The Spice.ai engine learns and provides recommendations to your application using a type of AI called deep reinforcement learning. To learn more, see Deep Learning AI.
A fundamental concept in deep reinforcement learning is to reward actions a learning agent takes during a training run. These rewards are numerical values and can be negative or positive.
In Spice.ai, developers define the rewards the AI engine uses in training runs through reward function definitions. Reward functions are Python functions (with more languages supported in the future) and can be authored either inline in the Spicepod manifest YAML or a separate Python .py
file.
To see how to define reward functions using an external file, click here.
To define the reward functions in the YAML directly, put the Python code fragment in the with
node.
The reward function must assign a value to reward
for it to be valid.
The following variables are available to be used in the reward function:
variable | Type | Description |
---|---|---|
current_state | dict | The observation state when the action was taken |
next_state | dict | The observation state one granularity step after the action was taken |
See the full example manifest here.
training:
rewards:
- reward: close_valve
# Reward keeping moisture content above 25%
with: |
if next_state["sensors_garden_moisture"] > 0.25:
reward = 200
# Penalize low moisture content depending on how far the garden has dried out
else:
reward = -100 * (0.25 - next_state["sensors_garden_moisture"])
# Penalize especially heavily if the drying trend is continuing (next_state is drier than current_state)

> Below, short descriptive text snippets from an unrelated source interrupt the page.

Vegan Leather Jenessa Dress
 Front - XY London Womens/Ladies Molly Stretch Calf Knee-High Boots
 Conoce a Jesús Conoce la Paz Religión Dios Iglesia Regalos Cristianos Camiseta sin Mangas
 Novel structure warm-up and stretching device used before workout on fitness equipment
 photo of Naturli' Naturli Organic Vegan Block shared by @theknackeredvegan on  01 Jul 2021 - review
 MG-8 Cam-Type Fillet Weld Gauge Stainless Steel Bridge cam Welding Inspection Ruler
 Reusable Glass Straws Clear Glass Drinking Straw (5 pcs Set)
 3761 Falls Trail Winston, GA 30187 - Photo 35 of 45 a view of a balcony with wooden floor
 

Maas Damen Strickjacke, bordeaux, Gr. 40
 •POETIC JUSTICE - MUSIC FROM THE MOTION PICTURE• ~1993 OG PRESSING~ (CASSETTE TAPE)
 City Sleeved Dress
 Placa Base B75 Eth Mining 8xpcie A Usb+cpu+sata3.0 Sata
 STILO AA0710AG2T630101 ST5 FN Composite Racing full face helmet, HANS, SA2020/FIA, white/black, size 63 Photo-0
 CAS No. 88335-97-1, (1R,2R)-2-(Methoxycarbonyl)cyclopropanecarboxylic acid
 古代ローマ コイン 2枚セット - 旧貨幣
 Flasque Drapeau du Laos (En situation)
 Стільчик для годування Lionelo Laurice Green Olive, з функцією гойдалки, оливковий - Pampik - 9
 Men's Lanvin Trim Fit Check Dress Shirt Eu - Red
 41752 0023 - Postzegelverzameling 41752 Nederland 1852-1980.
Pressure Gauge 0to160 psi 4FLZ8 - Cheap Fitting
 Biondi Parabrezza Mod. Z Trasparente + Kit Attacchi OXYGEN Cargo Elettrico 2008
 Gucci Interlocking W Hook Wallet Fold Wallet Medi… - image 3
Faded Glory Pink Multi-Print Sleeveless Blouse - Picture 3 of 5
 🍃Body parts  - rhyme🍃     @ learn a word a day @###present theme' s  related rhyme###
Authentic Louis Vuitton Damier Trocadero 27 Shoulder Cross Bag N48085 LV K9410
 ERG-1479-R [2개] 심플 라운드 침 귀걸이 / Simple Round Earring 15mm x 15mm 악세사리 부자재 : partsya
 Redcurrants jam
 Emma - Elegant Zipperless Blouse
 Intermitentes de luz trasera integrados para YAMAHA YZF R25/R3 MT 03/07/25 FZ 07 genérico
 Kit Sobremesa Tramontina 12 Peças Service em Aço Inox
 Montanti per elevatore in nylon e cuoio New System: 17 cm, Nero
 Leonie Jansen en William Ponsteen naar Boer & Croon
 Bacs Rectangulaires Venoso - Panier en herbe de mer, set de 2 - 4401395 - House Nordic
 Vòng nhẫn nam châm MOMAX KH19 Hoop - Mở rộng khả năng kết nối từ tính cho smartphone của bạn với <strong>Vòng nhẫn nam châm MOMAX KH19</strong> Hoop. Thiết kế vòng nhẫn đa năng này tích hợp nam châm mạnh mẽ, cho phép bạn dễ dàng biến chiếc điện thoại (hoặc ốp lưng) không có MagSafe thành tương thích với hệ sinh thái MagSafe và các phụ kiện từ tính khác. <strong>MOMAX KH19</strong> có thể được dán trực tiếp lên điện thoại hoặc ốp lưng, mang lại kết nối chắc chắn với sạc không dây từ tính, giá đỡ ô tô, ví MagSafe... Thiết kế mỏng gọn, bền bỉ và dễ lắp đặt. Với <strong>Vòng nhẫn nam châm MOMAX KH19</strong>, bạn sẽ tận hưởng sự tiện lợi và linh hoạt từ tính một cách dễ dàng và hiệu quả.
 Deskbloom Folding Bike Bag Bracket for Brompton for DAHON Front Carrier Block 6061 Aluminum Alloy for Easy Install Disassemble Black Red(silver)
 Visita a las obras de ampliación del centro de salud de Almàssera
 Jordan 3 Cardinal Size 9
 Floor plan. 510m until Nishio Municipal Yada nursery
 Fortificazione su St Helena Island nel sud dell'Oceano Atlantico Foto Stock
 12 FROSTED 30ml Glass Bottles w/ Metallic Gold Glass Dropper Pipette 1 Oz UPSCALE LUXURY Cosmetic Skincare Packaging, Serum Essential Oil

if next_state["sensors_garden_moisture"] < current_state["sensors_garden_moisture"]:
reward = reward * 2
- reward: open_valve_half
# Reward watering when needed, more heavily if the garden is more dried out
with: |
if next_state["sensors_garden_moisture"] < 0.25:
reward = 100 * (0.25 - next_state["sensors_garden_moisture"])
# Penalize wasting water
# Penalize overwatering depending on how overwatered the garden is
else:
reward = -50 * (next_state["sensors_garden_moisture"] - 0.25)
- reward: open_valve_full
# Reward watering when needed, more heavily if the garden is more dried out
with: |
if next_state["sensors_garden_moisture"] < 0.25:
reward = 200 * (0.25 - next_state["sensors_garden_moisture")
# Penalize wasting water more heavily with valve fully open
# Penalize overwatering depending on how overwatered the garden is
else:
reward = -100 * (next_state["sensors_garden_moisture"] - 0.25)